The Food Network, the cable channel based in New York, is developing new initiatives to license its name on cooking-related merchandise and to market products through DRTV spots and show segments.

It tested its first DRTV spot this year with an offer for a cookbook by “The Two Fat Ladies,” celebrated chefs Jennifer Paterson and Clarisse Dickson Wright, who host the British cooking show by the same title. The network aired a 30-second DRTV spot for the cookbook for four weeks and observed a large spike in sales.

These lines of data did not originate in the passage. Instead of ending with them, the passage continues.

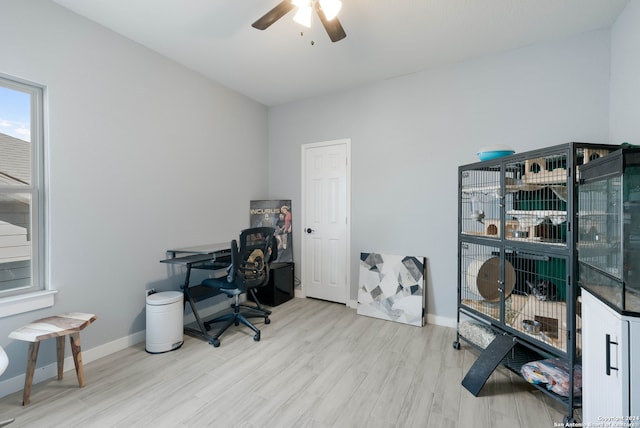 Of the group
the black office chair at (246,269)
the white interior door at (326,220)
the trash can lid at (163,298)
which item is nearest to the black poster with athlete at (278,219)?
the white interior door at (326,220)

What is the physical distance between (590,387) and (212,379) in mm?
2355

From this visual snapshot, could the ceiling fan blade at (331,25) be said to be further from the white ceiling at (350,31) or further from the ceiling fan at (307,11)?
the white ceiling at (350,31)

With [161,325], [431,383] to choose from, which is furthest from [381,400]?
[161,325]

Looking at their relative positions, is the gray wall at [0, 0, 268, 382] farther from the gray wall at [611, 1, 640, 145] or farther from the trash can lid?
the gray wall at [611, 1, 640, 145]

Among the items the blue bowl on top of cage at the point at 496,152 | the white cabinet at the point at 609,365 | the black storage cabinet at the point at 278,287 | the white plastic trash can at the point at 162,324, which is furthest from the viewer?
the black storage cabinet at the point at 278,287

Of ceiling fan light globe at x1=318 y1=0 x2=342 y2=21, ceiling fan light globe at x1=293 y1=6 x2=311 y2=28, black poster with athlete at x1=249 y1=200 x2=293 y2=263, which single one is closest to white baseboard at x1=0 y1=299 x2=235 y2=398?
black poster with athlete at x1=249 y1=200 x2=293 y2=263

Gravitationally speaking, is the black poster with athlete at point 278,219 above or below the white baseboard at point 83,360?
above

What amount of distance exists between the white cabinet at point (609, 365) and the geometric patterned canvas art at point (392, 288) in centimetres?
172

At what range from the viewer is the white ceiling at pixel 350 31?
2.14 m

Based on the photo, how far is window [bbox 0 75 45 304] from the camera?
2002 millimetres

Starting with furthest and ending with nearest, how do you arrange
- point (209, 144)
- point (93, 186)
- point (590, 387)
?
point (209, 144)
point (93, 186)
point (590, 387)

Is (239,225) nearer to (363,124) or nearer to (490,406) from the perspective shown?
(363,124)

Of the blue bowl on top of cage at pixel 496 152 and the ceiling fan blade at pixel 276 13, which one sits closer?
the ceiling fan blade at pixel 276 13

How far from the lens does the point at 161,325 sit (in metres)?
2.52
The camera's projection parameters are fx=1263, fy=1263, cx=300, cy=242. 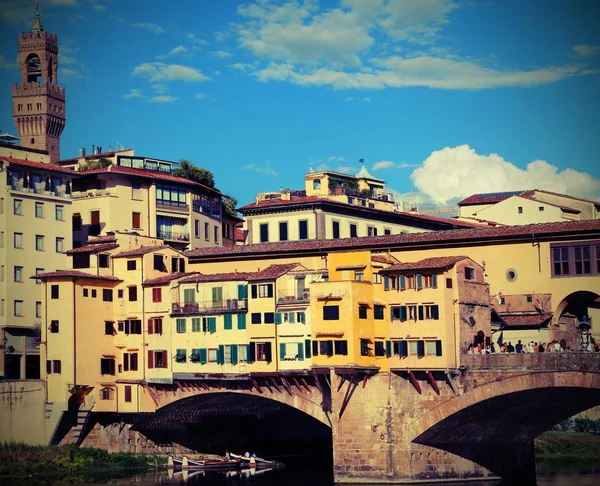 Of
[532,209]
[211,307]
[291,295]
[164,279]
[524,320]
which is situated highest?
[532,209]

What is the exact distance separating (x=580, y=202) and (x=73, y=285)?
56.7 m

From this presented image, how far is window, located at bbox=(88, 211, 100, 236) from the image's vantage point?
326 ft

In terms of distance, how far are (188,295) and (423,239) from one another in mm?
15980

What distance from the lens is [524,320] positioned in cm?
7750

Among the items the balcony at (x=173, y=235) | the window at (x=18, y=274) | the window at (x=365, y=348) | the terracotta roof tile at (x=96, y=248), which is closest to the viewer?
the window at (x=365, y=348)

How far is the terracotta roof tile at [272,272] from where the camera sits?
79.3 metres

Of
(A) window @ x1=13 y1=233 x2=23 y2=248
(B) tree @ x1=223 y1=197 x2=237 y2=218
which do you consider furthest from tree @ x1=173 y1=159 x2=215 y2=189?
(A) window @ x1=13 y1=233 x2=23 y2=248

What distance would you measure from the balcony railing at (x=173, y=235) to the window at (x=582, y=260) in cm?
3797

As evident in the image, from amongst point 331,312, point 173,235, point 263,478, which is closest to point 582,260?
point 331,312

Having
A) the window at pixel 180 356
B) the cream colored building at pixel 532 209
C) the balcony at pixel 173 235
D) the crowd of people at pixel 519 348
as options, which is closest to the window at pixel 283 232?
the balcony at pixel 173 235

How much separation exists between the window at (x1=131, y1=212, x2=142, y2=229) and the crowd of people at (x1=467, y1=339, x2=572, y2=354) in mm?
35443

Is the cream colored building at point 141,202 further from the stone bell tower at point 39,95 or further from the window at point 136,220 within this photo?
the stone bell tower at point 39,95

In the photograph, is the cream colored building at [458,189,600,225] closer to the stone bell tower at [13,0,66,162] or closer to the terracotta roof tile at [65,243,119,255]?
the terracotta roof tile at [65,243,119,255]

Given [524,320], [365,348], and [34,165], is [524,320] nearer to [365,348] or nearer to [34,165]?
[365,348] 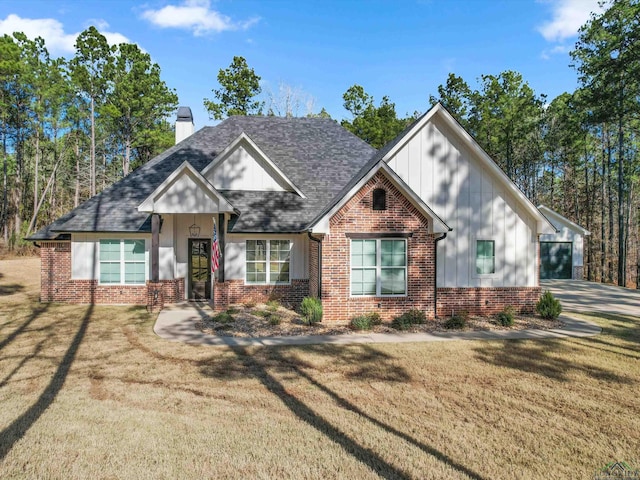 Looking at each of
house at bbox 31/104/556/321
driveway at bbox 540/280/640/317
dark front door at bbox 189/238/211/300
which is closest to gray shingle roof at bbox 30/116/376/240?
house at bbox 31/104/556/321

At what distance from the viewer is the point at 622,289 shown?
20.9 m

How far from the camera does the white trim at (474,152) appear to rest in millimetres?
12859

“That offer was extremely successful for us,” said Amy Rosen, the network's recently hired director of merchandising, who has worked for the Home Shopping Network, QVC and MGM/Universal. “We tripled our sales in the four weeks with the DRTV spot, vs. the six weeks without it.” She declined to release specific sales figures.

The network began selling exclusive videotape versions of the “Fat Ladies” programs on its Web site last month, but has not decided if it will market those tapes through a DRTV spot.

Rosen is now developing more TV-based offers that include everything from Food Network-branded T-shirts and caps to network-endorsed cookbooks and cooking devices.

“We are going to build up our Web site, and we're going to be priced competitively,” she said. “We're also working on licensing the Food Network name out to various brands, and that may be in the line of foods or housewares or things like that. We're just in the process of working out those plans.”

Cookbooks are the biggest area of merchandising efforts for the network, which is a title sponsor of a cooking festival in Philadelphia called “The Book and the Cook.” The annual event brings famous chefs to the city to prepare special meals and to promote their respective cookbooks.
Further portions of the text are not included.